Nothing in the data should change when you return it, but leave the pictures out.

Exercise data -
+ + + + +
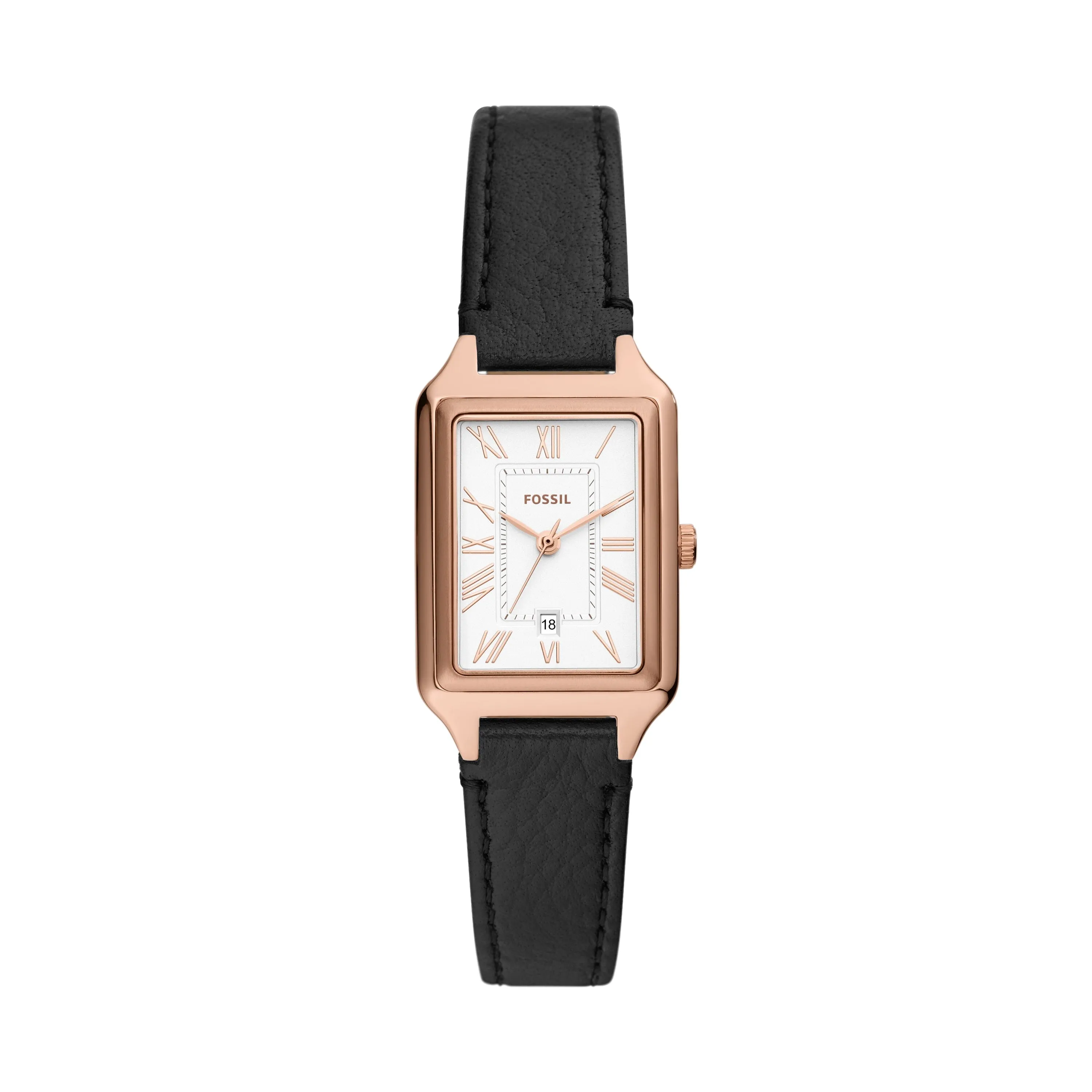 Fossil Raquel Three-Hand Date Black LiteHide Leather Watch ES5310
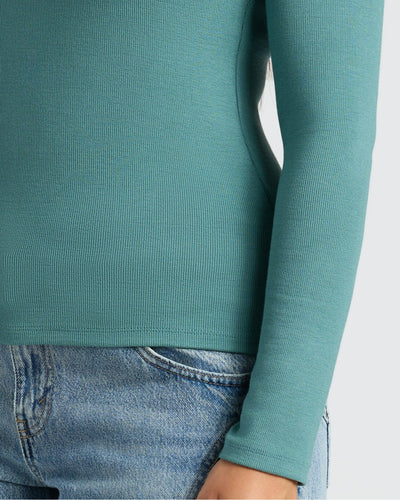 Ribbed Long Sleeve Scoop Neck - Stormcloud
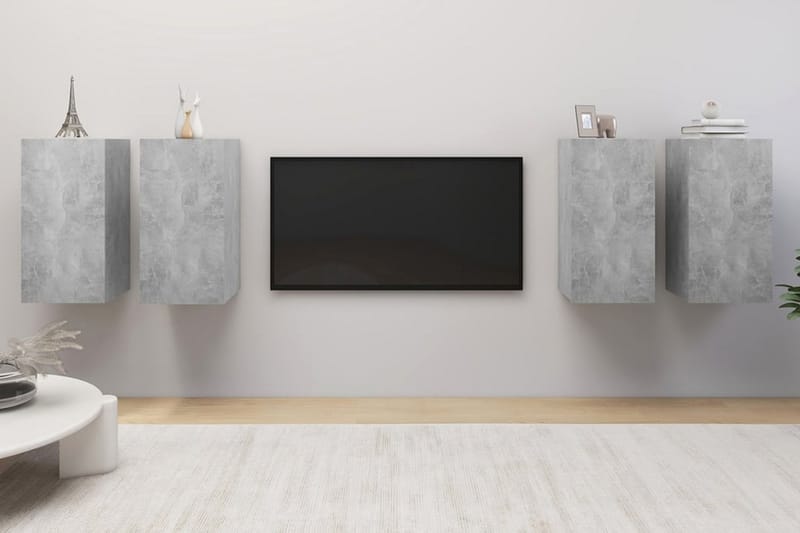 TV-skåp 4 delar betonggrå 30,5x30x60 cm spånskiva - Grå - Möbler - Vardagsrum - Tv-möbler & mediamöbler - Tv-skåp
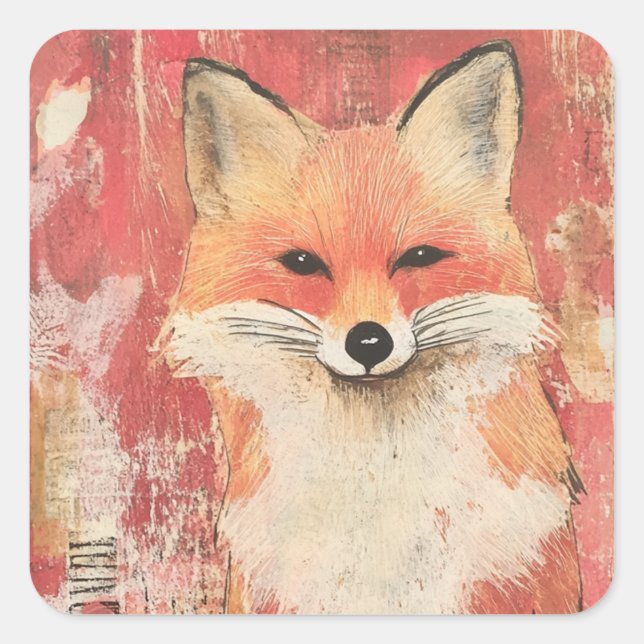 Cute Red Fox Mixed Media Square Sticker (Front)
+ + + + +
Result of this task -
 Fossil Raquel Three-Hand Date Black LiteHide Leather Watch ES5310
 Ribbed Long Sleeve Scoop Neck - Stormcloud
 TV-skåp 4 delar betonggrå 30,5x30x60 cm spånskiva - Grå - Möbler - Vardagsrum - Tv-möbler & mediamöbler - Tv-skåp
 Cute Red Fox Mixed Media Square Sticker (Front)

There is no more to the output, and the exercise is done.